For Baker, it was the fulfillment of a lifelong goal, doing the only thing he ever wanted to do, making his contribution to a family legacy of state trooper service, achieving a higher standard.
Baker, 22, was one of 58 individuals comprising the 135th class of Virginia state troopers, and they were presented their diplomas at the academy in North Chesterfield County on Jan. 21, with Gov. Glenn Youngkin speaking at the ceremony.
“It was definitely an accomplishment of a lifetime,” Baker said, of graduating to become a trooper.
He noted that he has two uncles who have been Virginia state troopers — the late Master Trooper Bill Whitehurst, who served with the VSP for about 45 years, and Sgt. Stephan Vick, who has been on the force for about 28 years and is on the governor’s executive protective unit.
“So it’s in the family,” Baker said. “I grew up around law enforcement as friends and family.”
He noted how parents ask their children, “What do you want to be when you grow up?”
He has always had the same answer.
“It hasn’t been ‘a police officer,’” he said. “It’s just, ‘I want to be a state trooper.’”
It is kind of a hard feeling to explain, he said, but it’s a perspective that runs in his family that there is something different about being a trooper.
“It’s always been a higher standard, almost, and my family, my two uncles and all those that came before that I have always been around, they exemplify that to a T,” Baker said.
He noted that Vick played a special role in his graduation ceremony.
“State Police has always had the tradition that at graduation, if you have a relative, especially if they’re a member of the Virginia State Police, they can give you your diploma on stage at graduation, and he was the one to do that for me,” Baker said.
In pursuing his lifelong goal, Baker went to Paul D. Camp Community College for two years and then transferred to East Carolina University to earn his bachelor’s degree in criminal justice.
He noted that during his college career, he and his fellow students had to leave campus due to the COVID-19 pandemic, but he was able to pursue other opportunities back in his home county.
“I actually worked at the Southampton County Sheriff’s Office as a jail deputy for Sheriff (Josh A.) Wyche (Sr.),” he said. “I think that was about six, seven months I worked for them. I learned a lot there, just being able to talk to people, and I think that 110% prepared me for the academy and for what I’m doing now on the street.”

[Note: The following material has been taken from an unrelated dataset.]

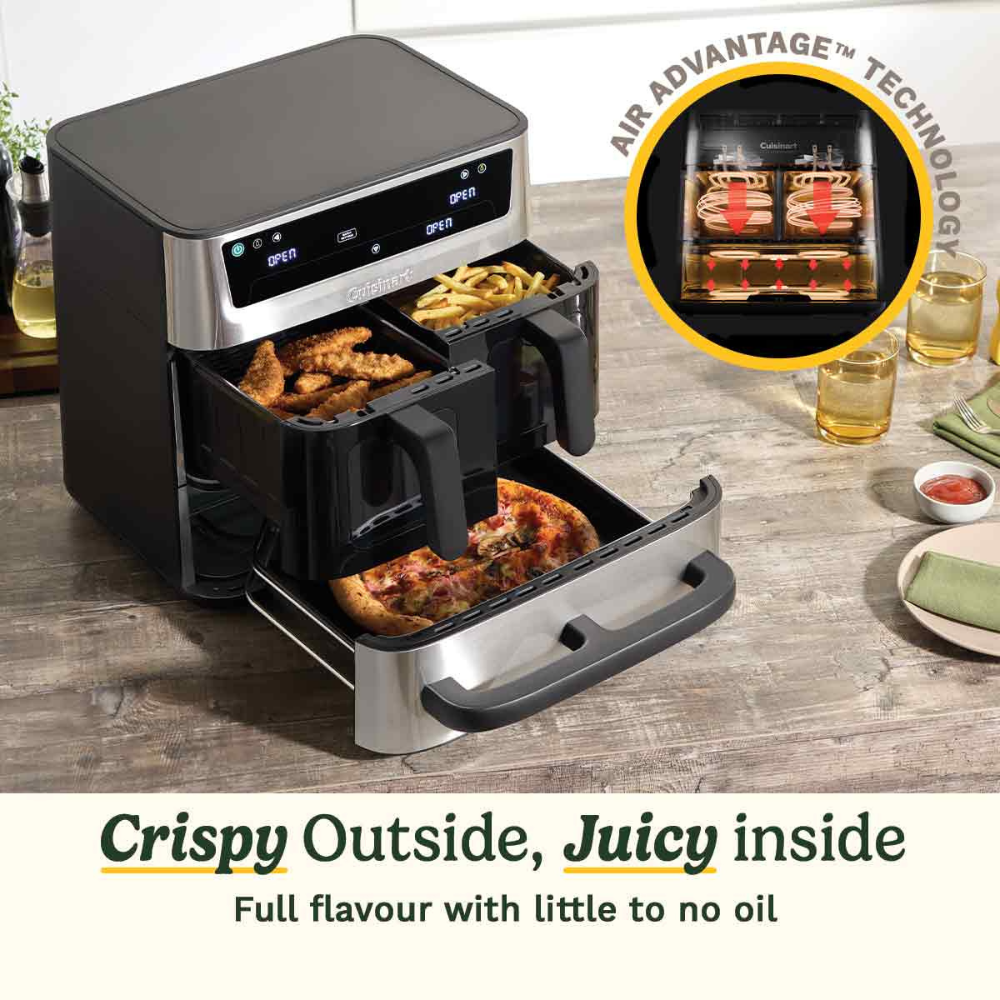 Cuisinart Air Fryer Tri-Zone 13 (8)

He noted that Wyche has been a great supporter of his through college, and Baker also served in an internship with the sheriff’s office when he was 20 and 21.
The VSP press release announcing the Jan. 21 graduation ceremony stated that new troopers have received more than 1,300 hours of classroom and field instruction in more than 100 different subjects, including de-escalation techniques, strategies to assist people in mental health crisis, ethics and leadership, fair and impartial policing, constitutional law, emergency medical trauma care, and public and community relations.
Baker said he and his fellow members of the 135th Basic Session began their 27 weeks of academic, physical and practical training at the academy June 29, 2021.
Since graduation, he has been assigned Area 36, which is Sussex and Surry counties, but his primary duty post is Surry County.
He is currently in the midst of six weeks of being paired up with a field training officer, learning about his new patrol area.
“This is still a part of my training phase,” he said, affirming that he will be a full-fledged state trooper after the six weeks — which started at the beginning of February — are over.
He said he has been thoroughly enjoying the field training.
“I don’t feel like I have a job; I feel like I have a career,” he said. “I love going to work every day. I love putting that uniform on.”